** Work to complete **
Take the entries below and reproduce exactly the portion that begins at the line containing "Second-hand Audi 100" and ends at the line containing "4 Days Nile", keeping both ends, dropping pictures, and adding nothing else.

** Given information **
++++++++

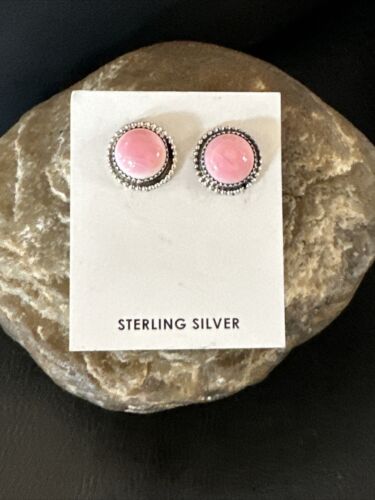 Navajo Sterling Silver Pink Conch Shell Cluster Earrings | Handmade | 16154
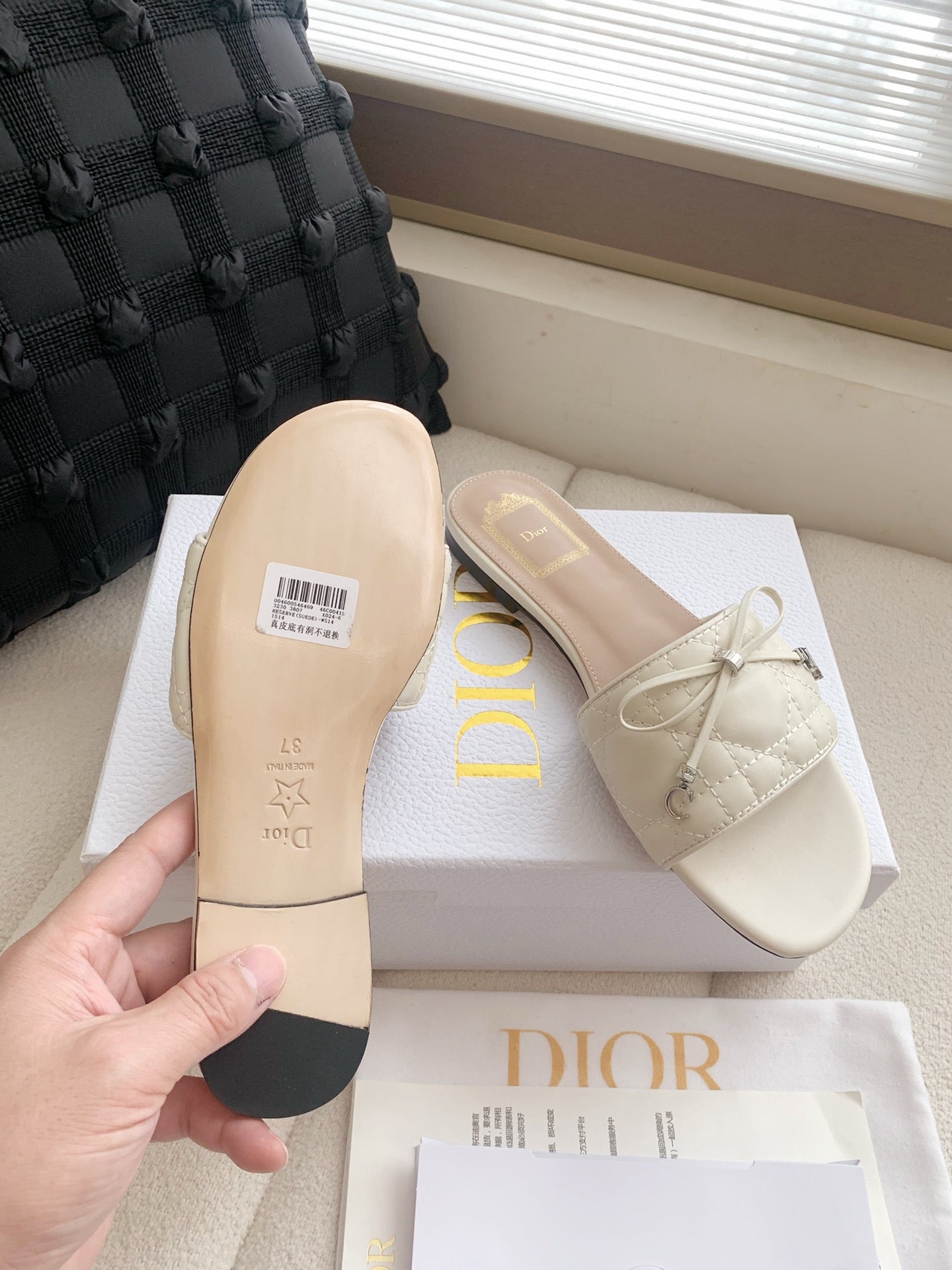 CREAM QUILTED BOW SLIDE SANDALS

++++++++

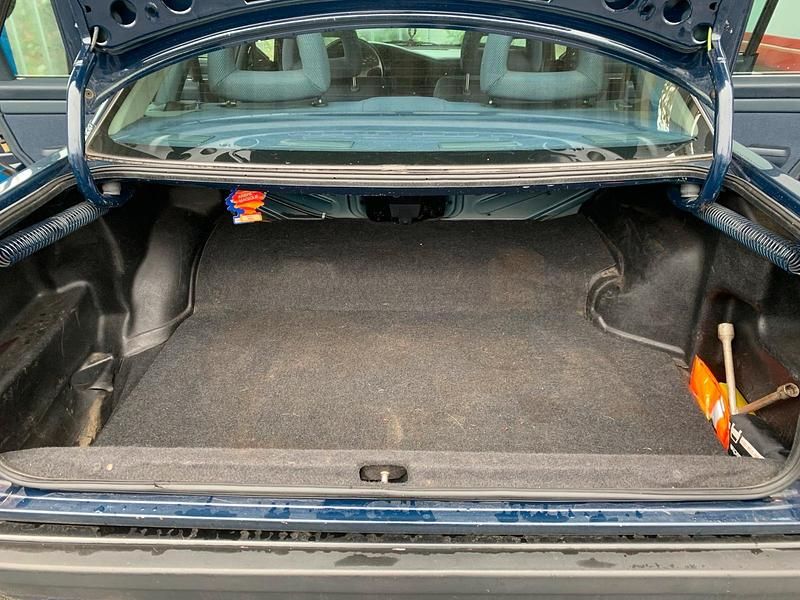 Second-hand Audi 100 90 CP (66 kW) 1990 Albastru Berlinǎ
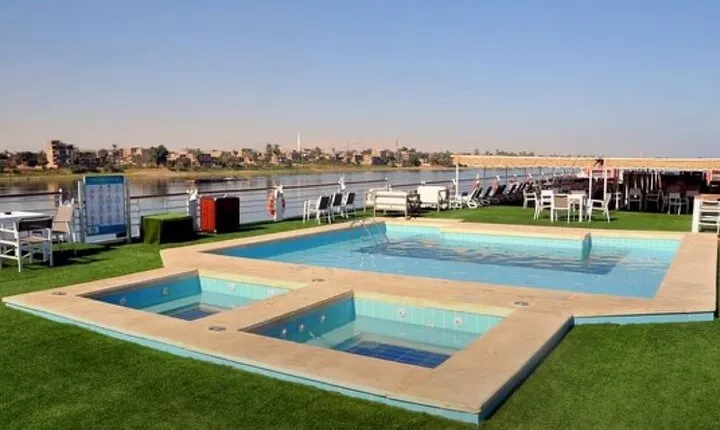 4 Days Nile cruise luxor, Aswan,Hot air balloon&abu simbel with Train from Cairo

++++++++

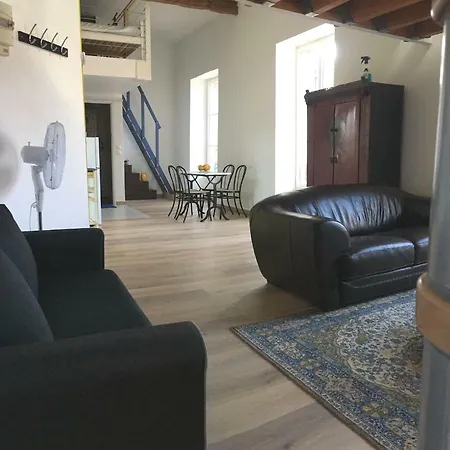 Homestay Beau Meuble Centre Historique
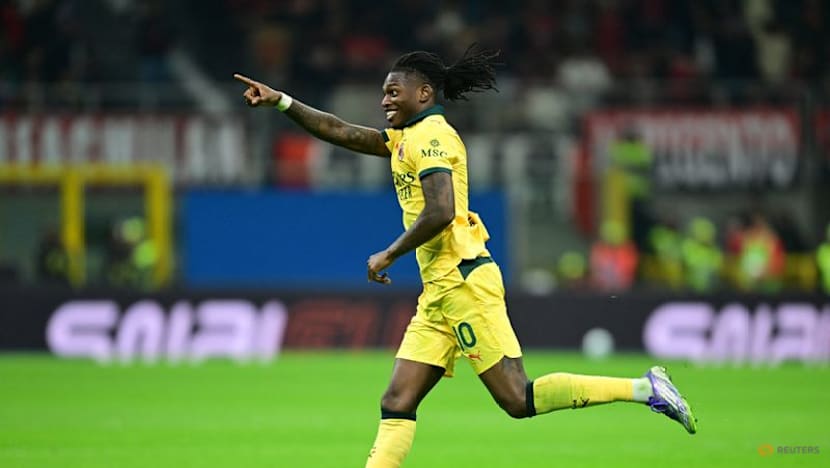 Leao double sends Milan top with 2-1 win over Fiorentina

++++++++

** Output of the task **
 Second-hand Audi 100 90 CP (66 kW) 1990 Albastru Berlinǎ
 4 Days Nile cruise luxor, Aswan,Hot air balloon&abu simbel with Train from Cairo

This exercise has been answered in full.